## YOUR TASK
Reproduce the section of the listing that begins at the line containing "MUSTANG T SHIRT" and finishes at the line containing "Samurai Jester Invasion". Include both end lines and nothing beyond them.
········
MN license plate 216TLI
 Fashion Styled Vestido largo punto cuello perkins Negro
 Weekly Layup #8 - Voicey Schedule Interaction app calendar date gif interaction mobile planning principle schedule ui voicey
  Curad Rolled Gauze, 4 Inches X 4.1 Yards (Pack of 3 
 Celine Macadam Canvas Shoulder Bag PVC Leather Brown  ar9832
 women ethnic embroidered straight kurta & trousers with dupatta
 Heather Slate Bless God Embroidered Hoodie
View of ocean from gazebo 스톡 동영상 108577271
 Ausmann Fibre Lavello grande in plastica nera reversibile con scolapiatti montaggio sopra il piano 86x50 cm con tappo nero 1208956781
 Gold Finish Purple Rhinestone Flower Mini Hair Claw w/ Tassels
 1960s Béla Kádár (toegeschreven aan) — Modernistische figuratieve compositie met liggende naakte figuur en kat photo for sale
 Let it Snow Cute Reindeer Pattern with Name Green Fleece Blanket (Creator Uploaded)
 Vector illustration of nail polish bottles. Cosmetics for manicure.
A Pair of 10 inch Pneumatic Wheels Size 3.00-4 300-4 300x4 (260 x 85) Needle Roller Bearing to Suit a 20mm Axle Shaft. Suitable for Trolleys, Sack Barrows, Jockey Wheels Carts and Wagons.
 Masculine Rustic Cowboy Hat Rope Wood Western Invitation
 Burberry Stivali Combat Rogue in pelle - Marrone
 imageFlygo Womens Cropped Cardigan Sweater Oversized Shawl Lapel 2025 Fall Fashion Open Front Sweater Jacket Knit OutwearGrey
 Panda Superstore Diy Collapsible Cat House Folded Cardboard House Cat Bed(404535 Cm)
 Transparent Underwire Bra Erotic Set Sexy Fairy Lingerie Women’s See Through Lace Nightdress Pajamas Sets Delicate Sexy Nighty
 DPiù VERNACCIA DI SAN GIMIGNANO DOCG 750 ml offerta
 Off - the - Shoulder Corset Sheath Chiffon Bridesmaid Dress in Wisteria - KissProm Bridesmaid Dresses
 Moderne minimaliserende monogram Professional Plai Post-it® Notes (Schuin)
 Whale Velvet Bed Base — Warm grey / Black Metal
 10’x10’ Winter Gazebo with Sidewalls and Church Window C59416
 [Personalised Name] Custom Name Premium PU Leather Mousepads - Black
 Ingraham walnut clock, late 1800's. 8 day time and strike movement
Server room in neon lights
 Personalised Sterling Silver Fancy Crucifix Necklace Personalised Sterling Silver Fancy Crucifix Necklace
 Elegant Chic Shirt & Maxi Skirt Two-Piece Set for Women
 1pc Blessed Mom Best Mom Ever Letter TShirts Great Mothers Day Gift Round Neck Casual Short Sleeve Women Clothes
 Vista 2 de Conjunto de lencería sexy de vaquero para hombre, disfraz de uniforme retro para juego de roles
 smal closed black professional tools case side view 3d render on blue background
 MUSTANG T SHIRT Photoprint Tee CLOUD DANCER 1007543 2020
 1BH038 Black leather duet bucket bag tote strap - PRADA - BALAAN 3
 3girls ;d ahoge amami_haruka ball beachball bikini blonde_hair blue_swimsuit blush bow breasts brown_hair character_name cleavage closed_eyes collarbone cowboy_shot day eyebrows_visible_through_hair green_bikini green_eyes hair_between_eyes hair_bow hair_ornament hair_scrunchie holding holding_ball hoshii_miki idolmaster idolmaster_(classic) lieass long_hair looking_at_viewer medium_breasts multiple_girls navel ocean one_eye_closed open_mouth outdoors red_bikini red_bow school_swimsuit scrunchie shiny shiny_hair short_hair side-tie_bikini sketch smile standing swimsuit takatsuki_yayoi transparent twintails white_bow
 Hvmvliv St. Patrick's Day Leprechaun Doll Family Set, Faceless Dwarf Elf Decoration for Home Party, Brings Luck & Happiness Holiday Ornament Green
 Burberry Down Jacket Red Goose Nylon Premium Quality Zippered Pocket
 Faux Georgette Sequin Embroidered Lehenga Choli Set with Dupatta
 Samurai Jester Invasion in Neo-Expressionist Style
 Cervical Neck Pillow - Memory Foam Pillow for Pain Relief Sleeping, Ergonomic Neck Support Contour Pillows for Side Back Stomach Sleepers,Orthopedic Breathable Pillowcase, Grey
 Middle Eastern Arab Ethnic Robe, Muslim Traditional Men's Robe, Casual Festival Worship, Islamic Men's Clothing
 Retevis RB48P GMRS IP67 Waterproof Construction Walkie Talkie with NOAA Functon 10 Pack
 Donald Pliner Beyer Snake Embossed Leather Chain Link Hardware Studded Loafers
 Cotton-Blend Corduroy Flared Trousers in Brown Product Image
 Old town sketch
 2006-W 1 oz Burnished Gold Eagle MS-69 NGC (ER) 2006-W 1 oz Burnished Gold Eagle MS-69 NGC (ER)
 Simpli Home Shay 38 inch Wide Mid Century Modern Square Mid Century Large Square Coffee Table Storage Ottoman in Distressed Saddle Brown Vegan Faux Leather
········
## TASK ANSWER
 MUSTANG T SHIRT Photoprint Tee CLOUD DANCER 1007543 2020
 1BH038 Black leather duet bucket bag tote strap - PRADA - BALAAN 3
 3girls ;d ahoge amami_haruka ball beachball bikini blonde_hair blue_swimsuit blush bow breasts brown_hair character_name cleavage closed_eyes collarbone cowboy_shot day eyebrows_visible_through_hair green_bikini green_eyes hair_between_eyes hair_bow hair_ornament hair_scrunchie holding holding_ball hoshii_miki idolmaster idolmaster_(classic) lieass long_hair looking_at_viewer medium_breasts multiple_girls navel ocean one_eye_closed open_mouth outdoors red_bikini red_bow school_swimsuit scrunchie shiny shiny_hair short_hair side-tie_bikini sketch smile standing swimsuit takatsuki_yayoi transparent twintails white_bow
 Hvmvliv St. Patrick's Day Leprechaun Doll Family Set, Faceless Dwarf Elf Decoration for Home Party, Brings Luck & Happiness Holiday Ornament Green
 Burberry Down Jacket Red Goose Nylon Premium Quality Zippered Pocket
 Faux Georgette Sequin Embroidered Lehenga Choli Set with Dupatta
 Samurai Jester Invasion in Neo-Expressionist Style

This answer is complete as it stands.